Sabe o que é o assédio?
Sabe que o assédio é o ingrediente propício das práticas desleais que, como tal, constituem um ilícito de mera ordenação social passível de coima para quem dele lança mão de molde aenredar na sua trama as pessoas?
Ora, assédio é…
Assédio é, segundo os dicionários, “insistência impertinente, perseguição, sugestão ou pretensão constantes em relação a alguém.” E assediar significa perseguir com propostas, sugerir com insistência; ser inoportuno ao tentar obter algo; molestar; abordar súbita ou inesperadamente.

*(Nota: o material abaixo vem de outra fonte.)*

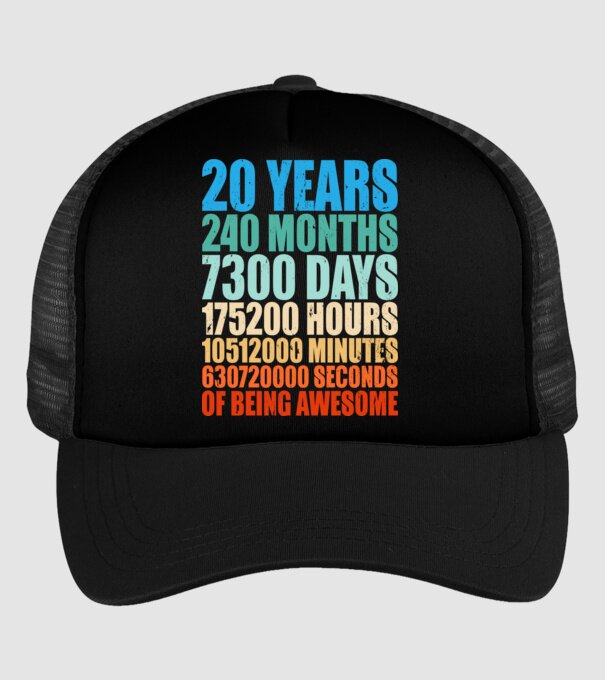 20 years of being awesome model negru pe tricou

É vulgar ouvir-se falar de assédio no plano sexual, como no moral, mas a figura surge na primeira metade da década de 2000, sob novos influxos, no domínio do direito contratual do consumo com absoluta pertinência e justificação. Como surgira já, aliás, no plano da proibição da discriminação, mormente com reflexos na esfera negocial, ex vi Lei 14/2008, de 12 de Março, resultado, aliás, da transposição da Directiva 2004/113, de 13 de Dezembro, que define, no plano de que se trata, assédio como segue:
“todas as situações em que ocorra um comportamento indesejado, relacionado [ou não] com o sexo de uma dada pessoa, com o objectivo ou o efeito de violar a sua dignidade e de criar um ambiente intimidativo, hostil, degradante, humilhante ou ofensivo”.
Sem se referir obviamente o Código do Trabalho ou o Código Penal que, no seu âmbito, recortam o conceito para os fins específicos neles consignados.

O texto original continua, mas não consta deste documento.